Final Project Specifications

DSAN 5650: Causal Inference for Computational Social Science

Author

DSAN 5650 Course Staff

Published

July 9, 2025

Changelog
  • [Sunday, July 12, 11pm] Updated examples box for each option to reflect that HW3A and HW3B will walk you through examples of these two approaches, respectively.

Overview

Our goal is to make the final project as open-ended as possible, to give you the space to explore any particular topic that may have piqued your interest throughout the semester! At the same time, we hope to provide you with guidance and mentorship so that you don’t feel lost as to how to start, how to proceed, and/or what to submit for the final deliverable!1

For each lecture (especially from Week 8 onwards), our hope is that there are some next step(s) that come to mind, that you feel like you can follow to move from learning the concepts covered in class to applying them towards some social phenomenon of interest to you! Though exceptions are always welcome (see previous paragraph), here we outline two general paths you can take, with examples under each heading that you can use as inspiration:

Option 1: Modeling Social Phenomena with PGMs

Moving from vaguely-thinking-about to formally modeling

  • Example 1.1: HW3A walks you through how PGMs can be used to “link” survey-based and experimental studies of the same social phenomenon (employer discrimination on the basis of criminal record and race)
  • Example 1.2: Writeup on Modeling Cahiers de Doléances (Coming soon!)
Option 2: Pushing Towards the Asymptote of Causality

Taking an existing associational analysis and tackling confounders

  • Example 2.1: HW3B walks you through how propensity score weighting can be used to enhance an existing associational analysis, by taking a “first step” towards removing confounders
  • Example 2.2: Writeup on improving estimates of labor market monopsony (Coming soon!)

Concrete Requirements

For the two options described above, the following info boxes describe the structure of the deliverable(s) you’re responsible for:

Option 1: Modeling Social Phenomena with PGMs

Moving from vaguely-thinking-about to formally modeling

(Coming soon!)

Option 2: Associational \(\leadsto\) Causal Analysis

Figuring out how to address some existing drawback of the algorithm/data structure

The structure of your deliverable should be as follows:

  1. To begin, you should summarize existing literature that you’re building upon: this could be, e.g., a summary of a past project you’ve done, or of a published paper or series of published papers that you think fail to address causal concerns as-is
  2. Then, you should explain exactly what the “missing pieces” are, in terms of bridging the gap between associational and causal analysis: what covariates have not been properly accounted for, for example?
  3. You should then explicitly state a course topic which can be used to address this shortcoming, and justify its use: for example, can a propensity score-based analysis be used to balance the treatment and control groups?
    1. For example, recall the point from Week 8 that propensity scores can only be used when there is sufficient common support between the treatment and control groups in a dataset! In that week’s simulated smoking-cessation example, the DGP for the relationship between motivation and enrollment gave rise to a scenario where we did not have common support for the lowest and highest 25% of people with respect to motivation score (since nobody from the lowest 25% enrolled, while everybody from the highest 25% enrolled). We did, however, have common support for the middle 50%, since this middle 50% had a mixture of enrollers and non-enrollers. For your project, then, if you choose to pursue a propensity score-based analysis, you’ll need to be explicit about the specific subset(s) of your population for which the propensity-weighted estimate(s) are valid.

(Remainder coming soon!)

Individual vs. Group Projects

It is totally up to you whether you’d like to do the project individually or in a group with other students. However, if you are pursuing the project as a group, please choose one member of the group to serve as the “project lead”, and include this detail in an email to your mentor.

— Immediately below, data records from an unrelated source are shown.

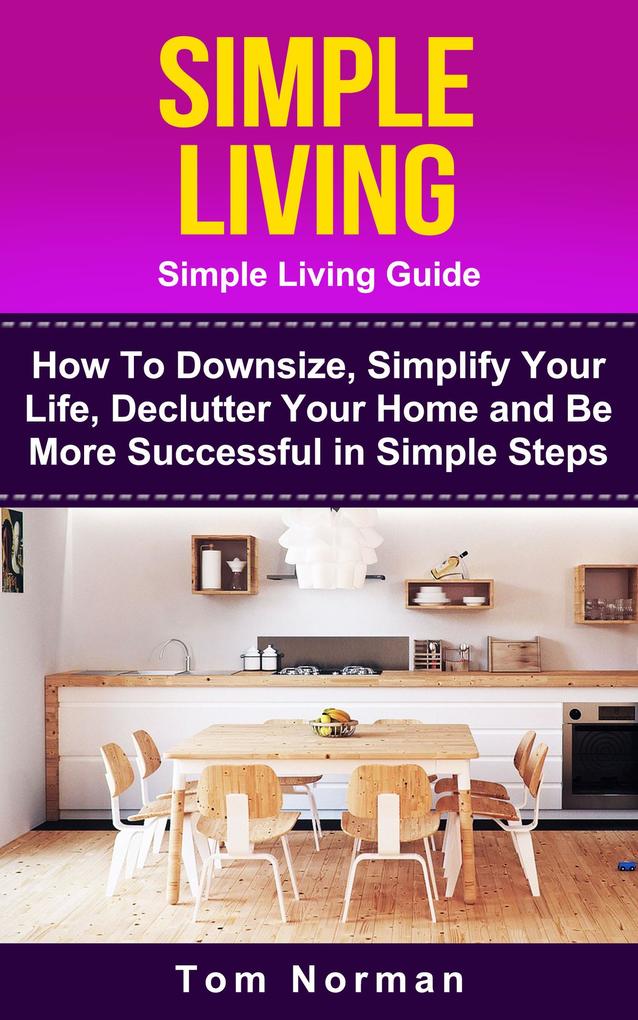 Simple Living: Simple Living Guide: How To Downsize Simplify Your Life Declutter Your Home and Be More Successful In Simple Steps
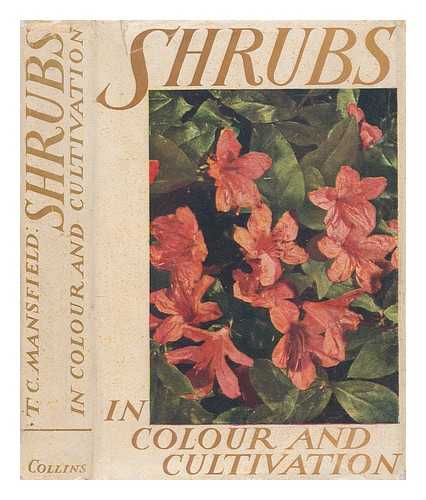 MANSFIELD, T. C - Shrubs in colour and cultivation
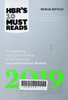 HBR's 10 Must Reads 2019: The Definitive Management Ideas of the Year from Harvard Business Review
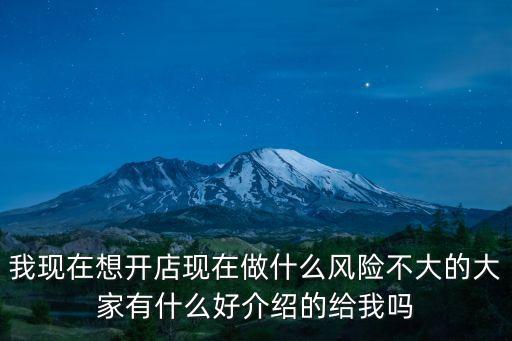 我現(xiàn)在想開(kāi)店現(xiàn)在做什么風(fēng)險(xiǎn)不大的大家有什么好介紹的給我嗎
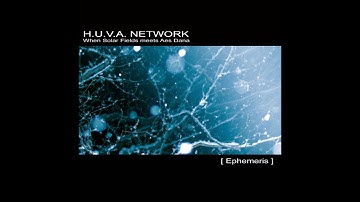 H.U.V.A. Network - Dissolving Time | Chill Space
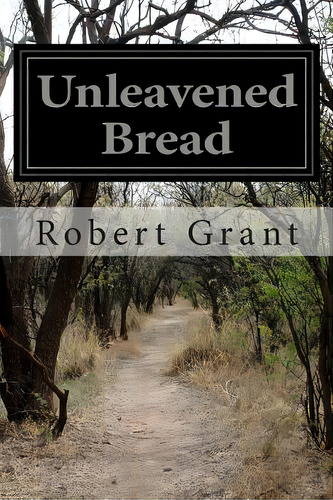 Unleavened Bread, De Grant, Robert. Editorial Createspace, Tapa Blanda En Inglés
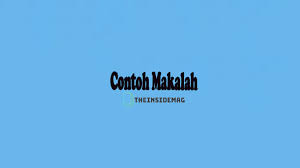 Kumpulan makalah cari blog ini. 3 Contoh Makalah Cover Daftar Isi Pembahasan Full
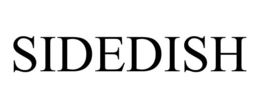 SIDEDISH trademark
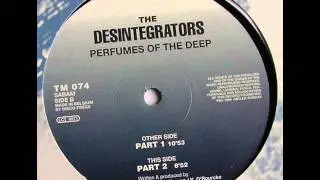 The Desintegrators - Perfumes Of The Deep (1994 - Part 2) ACID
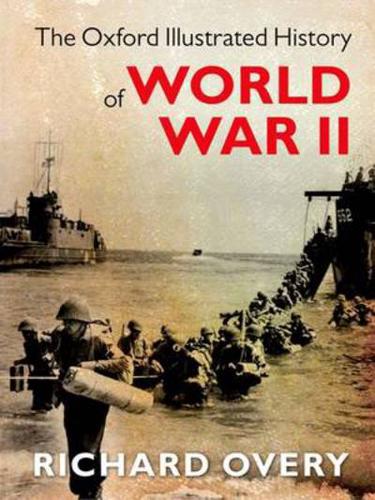 The Oxford Illustrated History of World War Two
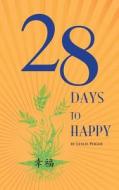 28 Days to Happy di Leslie Pogue edito da Createspace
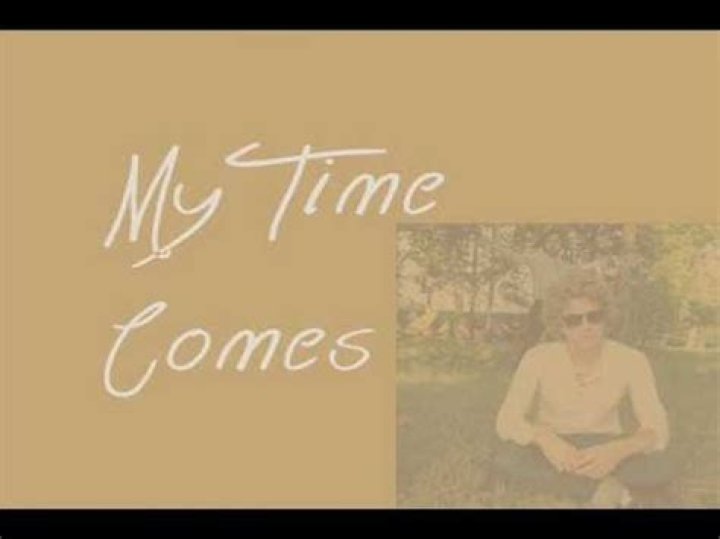 When my time comes lyrics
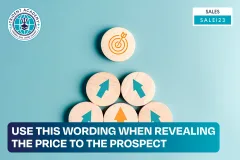 Use This Wording When Revealing The Price To The Prospect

The mentor for the group project will then be whoever was assigned as the individual mentor for the project leader (this choice doesn’t have to be related to the actual work on the project, it is just for us to be able to allocate mentees fairly between the course staff!).

Expectations for group projects will scale based on the number of members in the group: for example, a group with two members will be expected to carry out a more substantive project, such that it requires approximately two times the amount of work that would be expected for individual projects2

Timeline

  • Proposal (Abstract on Notion):
    • Submitted to instructors by Tuesday, July 15th, 6:30pm EDT
    • Approved by an instructor by Tuesday, July 22nd, 6:30pm EDT
  • Final Draft:
    • Submitted to instructors for review by Friday, August 1st, 5:59pm EDT
    • Approved by an instructor by Monday, August 4th, 11:59pm EDT
  • Final Submission:
    • Submitted via Canvas by Friday, August 8th, 5:59pm EDT

Submission Format

The course’s Canvas page now has a “Final Project” assignment, where you will upload your final submission for grading. The following is a rough sketch of what we’re looking for in terms of the structure of your submission:

  • HTML format, as a rendered Quarto manuscript, would be optimal, but can be PDF if preferred—for example, if you choose Option 4 (involving mathematical proofs), you might instead want to use LaTeX rendered to PDF.
  • A requirement in terms of number of pages is difficult, but a reasonable range for the PDF format would be 3-10 pages double-spaced. Therefore, for a Quarto document or Jupyter notebook, the length can be the equivalent of this (for example, you can print-preview the Quarto doc to see how many pages it would produce if printed)
  • It should have an abstract, a 250-500 word paragraph at the very top of the manuscript, summarizing what you did (this can be copied from your Notion abstract, or updated as needed!)
  • Citations should be set up so that they’re handled automatically. By Quarto’s citation manager for example, or by Bibtex/Biber if you’re using LaTeX.

References

Footnotes

  1. If you can’t tell, my whole educational philosophy here is just the Montessori system—this approach was originally developed for younger (primary school) children, but lots and lots of recent educational research indicates that it’s an actually an extremely effective way to learn, and to motivate self-learning, for people of any age 😎↩︎

  2. This detail is not something we’re trying to explicitly measure or be harsh about, but is included here since otherwise (if the expectations for individual and group projects were the exact same) the work would scale the other way: that each person in a two-person project would be doing half the amount of work that a person doing an individual project is doing… Hopefully that makes sense from a fairness perspective!.↩︎